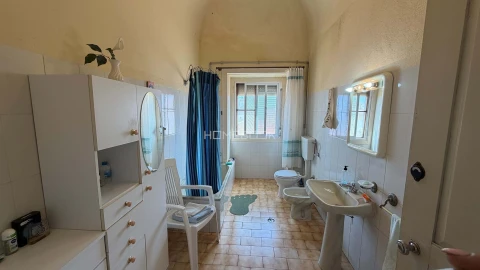 Prédio para Venda em Brinches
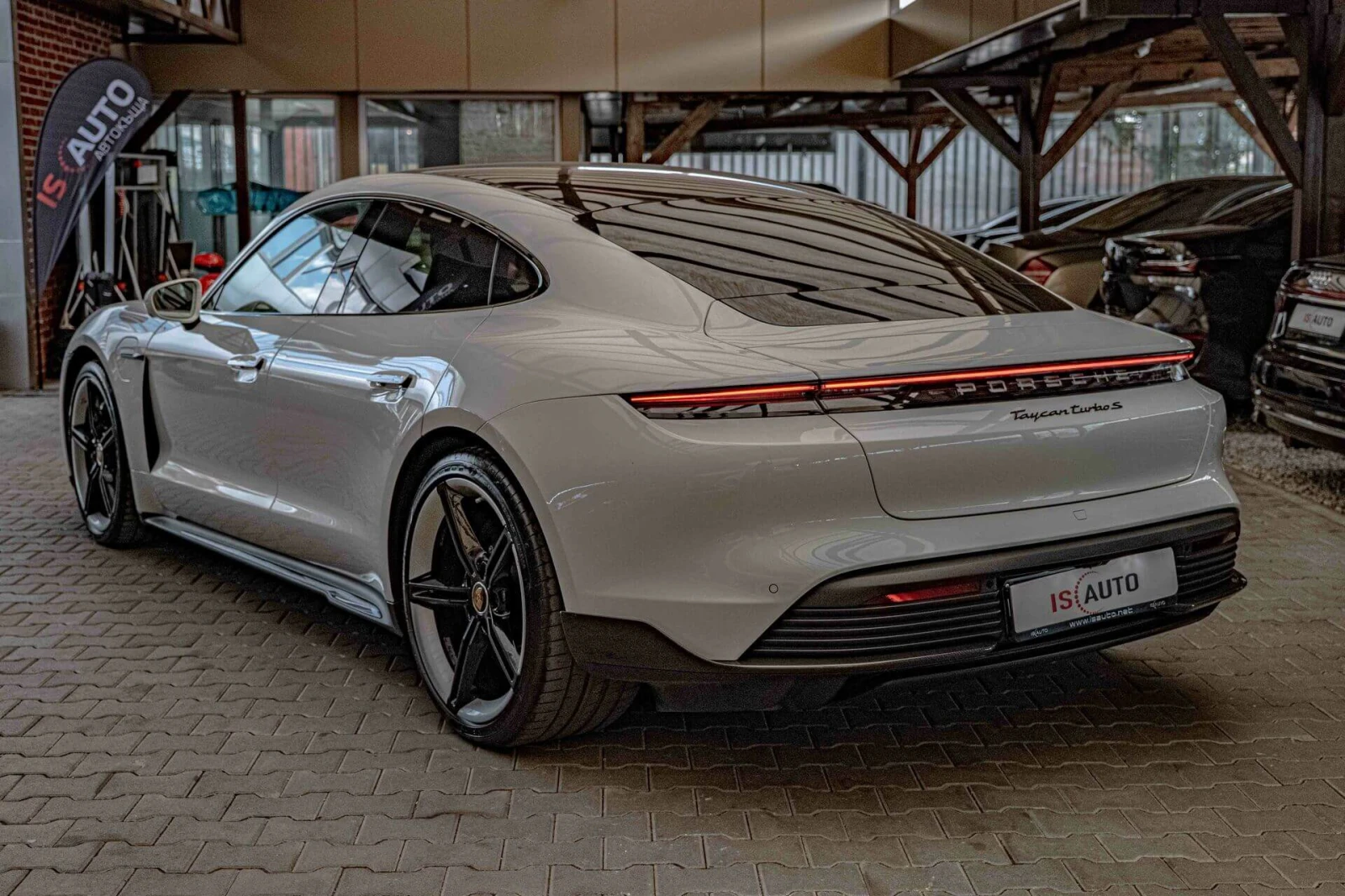 Porsche Taycan Turbo S/PDCC Sport/PDLS+ /PCCB/Chrono/Carbon/Burm., снимка 5 - Автомобили и джипове - 55285186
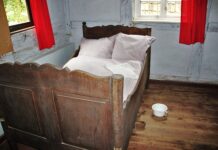 W jakim wieku dziecko zaczyna siadać na nocnik?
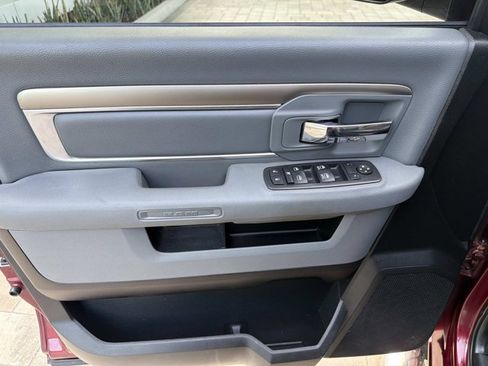 Used 2017 RAM 1500 Big Horn RWD image 9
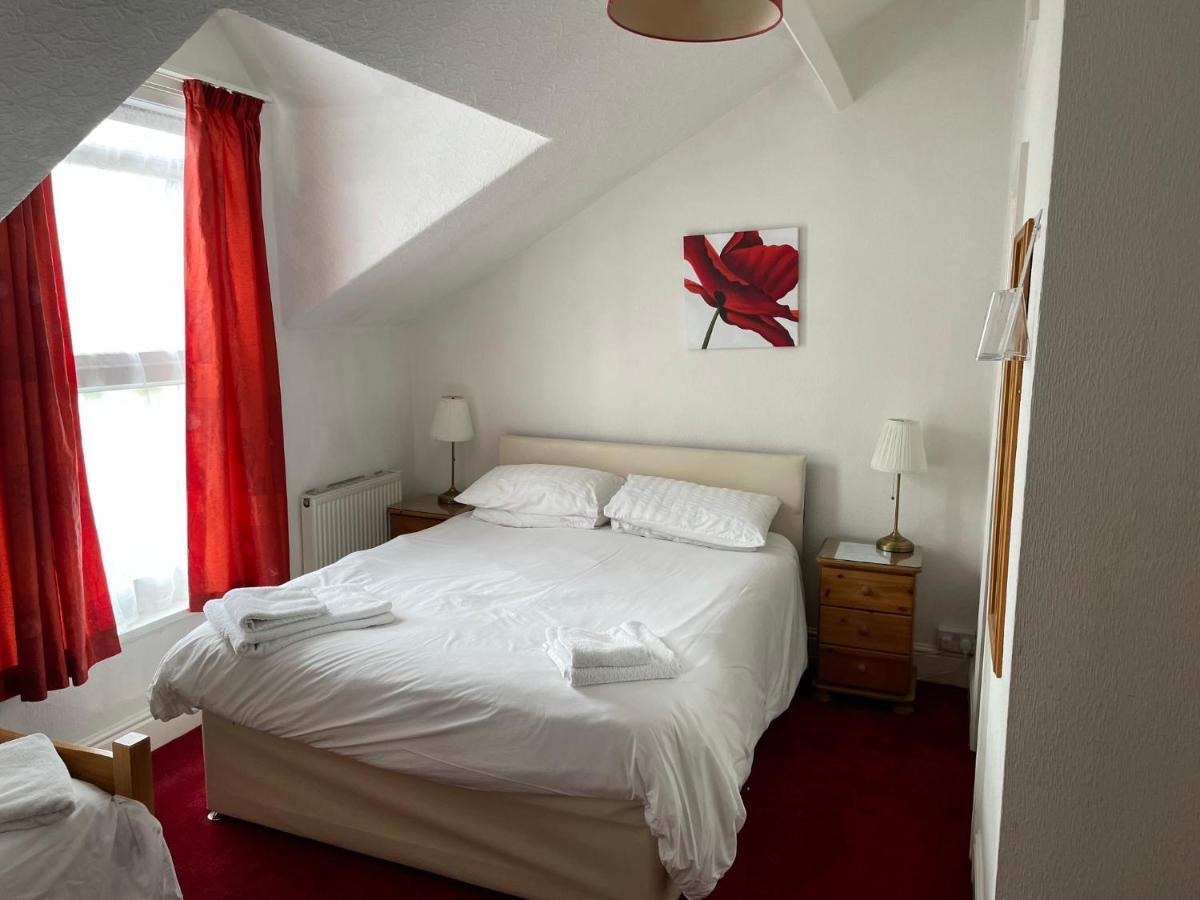 Robyn'S Guest House Scarborough Esterno foto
┄┄┄┄┄┄┄┄┄┄
**Action item**: Before answering, please find the line containing "Porsche Taycan Turbo" above, then copy exactly from it through the last line of the entries, both included, without pictures.

**Response area**:
 Porsche Taycan Turbo S/PDCC Sport/PDLS+ /PCCB/Chrono/Carbon/Burm., снимка 5 - Автомобили и джипове - 55285186
 W jakim wieku dziecko zaczyna siadać na nocnik?
 Used 2017 RAM 1500 Big Horn RWD image 9
 Robyn'S Guest House Scarborough Esterno foto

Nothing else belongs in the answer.